I have to check if each row in the file is present in the table, if not generate an INSERT statement for that row.
The table has 30 columns, but here I've simplified for this example:
ID Name Address1 Address2 City State Zip
ID is the running identity column; so if a particular ID value from the file is found in the table, there should be no insert statement generated for that.
Here's my attempt, which doesn't feel correct:
foreach (var item in RecipientsInFile)
{
if (!RecipientsInDB.Any(u => u.ID == item.ID ))
{
Console.WriteLine(GetInsertSql(item));
}
}
Console.ReadLine();
EDIT: Sorry, I missed the asking the actual question; how to do this?
Thank you very much for all the help.
EDIT: The table has a million plus rows, while the file has 50K rows. This a one time thing, not a permanent project.

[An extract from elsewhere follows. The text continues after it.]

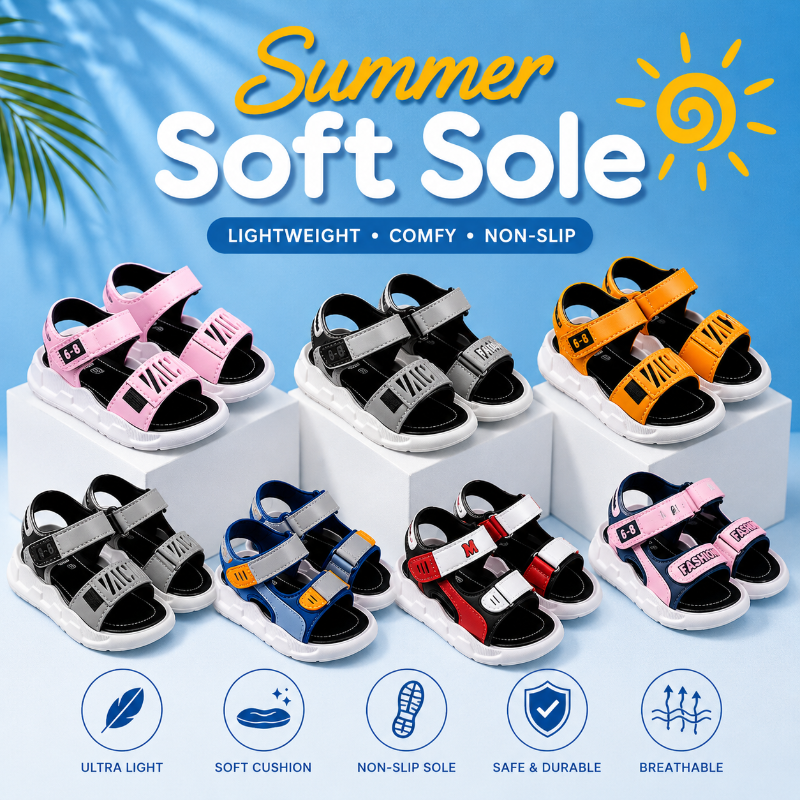 Summer Soft Sole – Comfort & Slip-Resistant – Kids' Sandals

I would add all the RecipientsInDB Ids in a HashSet and then test if the set contains the item Id.
var recipientsInDBIds = new Hashset(RecipientsInDB.Select(u => u.ID));
foreach (var item in RecipientsInFile)
{
if (!recipientsInDBIds.Contains(item.ID ))
{
Console.WriteLine(GetInsertSql(item));
}
}
Console.ReadLine();

Try comparing the ID lists using .Except()
List<int> dbIDs = Recipients.Select(x=>x.ID).ToList();
List<int> fileIDs = RecipientsFile.Select(x=>x.ID).ToList();
List<int> toBeInserted = fileIDs.Except(dbIDs).ToList();
toBeInserted.ForEach(x=>GetInsertSqlStatementForID(x));
For the pedantic and trollish among us in the comments, please remember the above code (like any source code you find on the interwebs) shouldn't be copy/pasted into your production code. Try this refactoring:
foreach (var item in RecipientsFile.Select(x=>x.ID)
.Except(DatabaseRecipients.Select(x=>x.ID)))
{
GetInsertSqlStatementForID(item);
}

Lots of ways of accomplishing this. Yours is one way.
Another would be to always generate SQL, but generate it in the following manner:
if not exists (select 1 from Recipients where ID == 1234)
insert Recipients (...) values (...)
if not exists (select 1 from Recipients where ID == 1235)
insert Recipients (...) values (...)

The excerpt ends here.